Несостоявшаяся дуэль с Хлюстиным (1836г.)
Наступивший тридцать шестой год не сулил Александру Пушкину никаких денежных поступлений. Ведь сам отказался получать годовое жалованье в пять тысяч рублей – было необходимо, чтобы оно шло на погашение ссуды, осенью полученной из казны.
«История Пугачевского бунта» вышла год назад, в декабре тридцать четвертого, но не раскупалась. И из Михайловского он приехал, как никогда, с пустыми руками.
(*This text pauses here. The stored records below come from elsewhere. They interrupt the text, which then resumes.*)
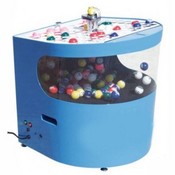 Quiet Round Front Professional Bingo Blower Electronic Bingo Blower W/Verifier, AGS - 17214
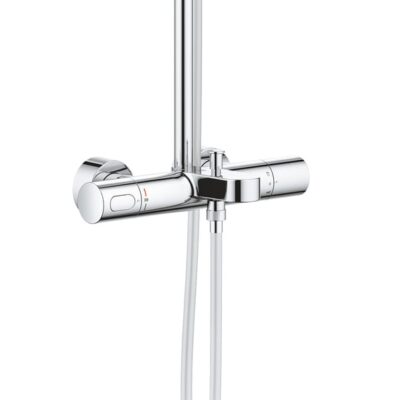 Grohe Rainshower SmartActive thermostatische opbouw regendoucheset met baduitloop met EcoJoy Ø310 mm chroom 26657000 10
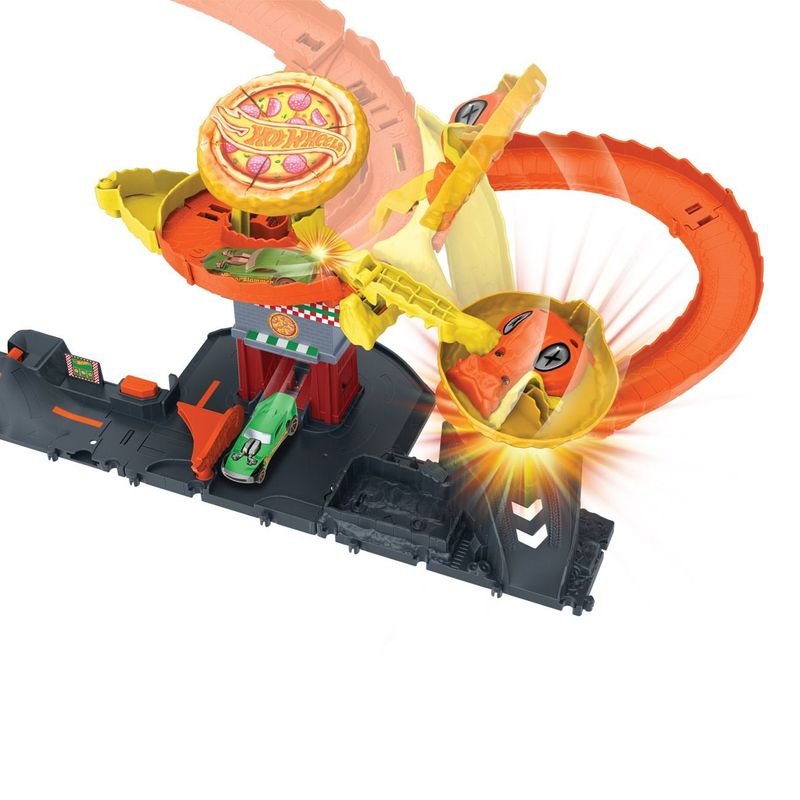 Jucarii, Copii si Bebe - Jucarii si jocuri - Vehicule si jucarii cu telecomanda - Masinute - Set pista jucarie, mattel, hot wheels city, atacul sarpelui, include masina, multicolor, varsta recomandata 3+ ani - Infinity.ro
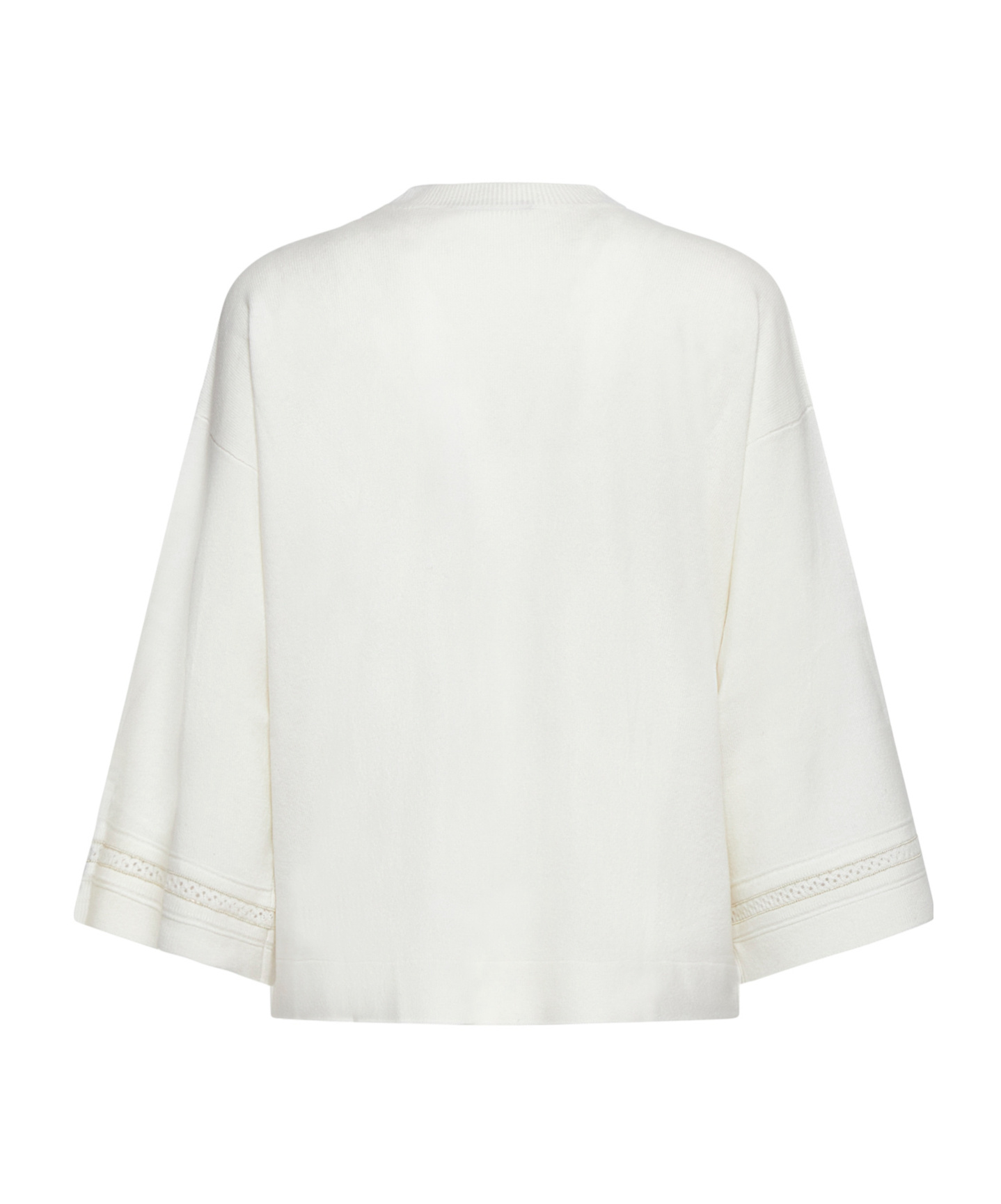 Fabiana Filippi Crewneck Plain Long-sleeved Top In White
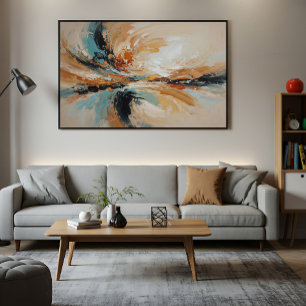 Abstract Impressions Poster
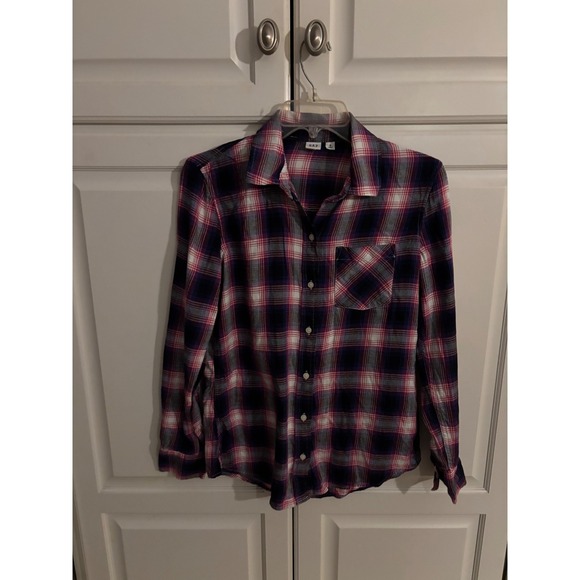 GAP Women's Plaid Button Up Shirt Long Sleeve Casual Top Size S - Picture 1 of 5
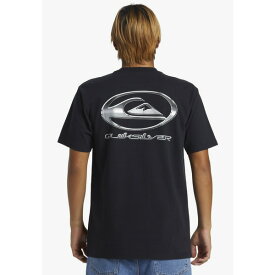 クイックシルバー メンズ Tシャツ トップス CHROME LOGO SS - Print T-shirt - black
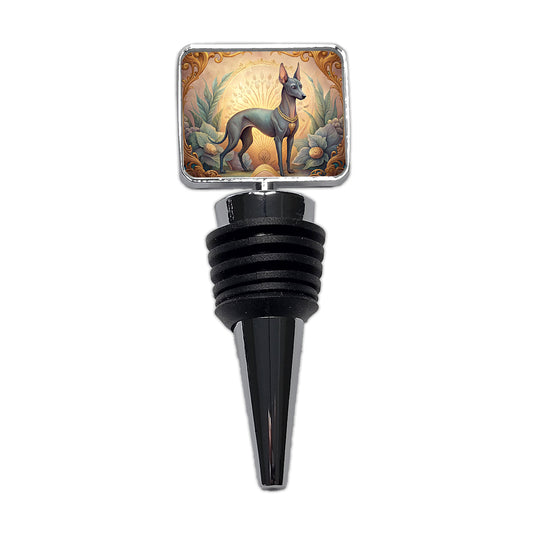 Xoloitzcuintli Xolo Mexican Hairless Dog Art Nouveau Wine Bottle Stopper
Значит, на гонорары тоже нет надежд.
А все, что у него есть в запасе, подготовлено к печати для будущего журнала «Современник» … Мало того, его несдержанность давала плохие плоды – он вызван на дуэль…
История эта началась в августе прошлого года. К нему с просьбой помочь издать книгу обратился бывший секретарь царскосельского лицея Люценко – служил там в то же самое время, когда сам был лицеистом.
Ефим Петрович перевел повесть в стихах Виланда «Перфентий или Желания». Но Смирдин почему—то отказался её издавать.
Пушкин помог Люценко выправить погрешности, посоветовал изменить название и обратиться к Модесту Корфу, заверяя автора:
– Уверяю вас, тот имеет больше возможностей помочь вам.
Но лицейский Модинька, а теперь важный чиновник, ему не помог. Тогда, чтобы ускорить дело, Александр Сергеевич разрешил поставить свое имя на титульном листе книги Люценко.
И только после этого дело сдвинулось с мертвой точки – злополучная книга вышла в свет. Но, по какому—то недосмотру автора перевода не указали. И этот ляп стоил Пушкину репутации – его обвиняли в присвоении чужого труда.
Все это, вкупе со сплетнями, раздающимися со всех сторон о том, что он исписался, что его муза умолкла, сильно терзало душу поэта. Тем более, что вся эта возня была затеяна перед тем, как он решил открыть подписку на новый журнал, названный им «Современник». А ведь он на это столько добивался разрешения!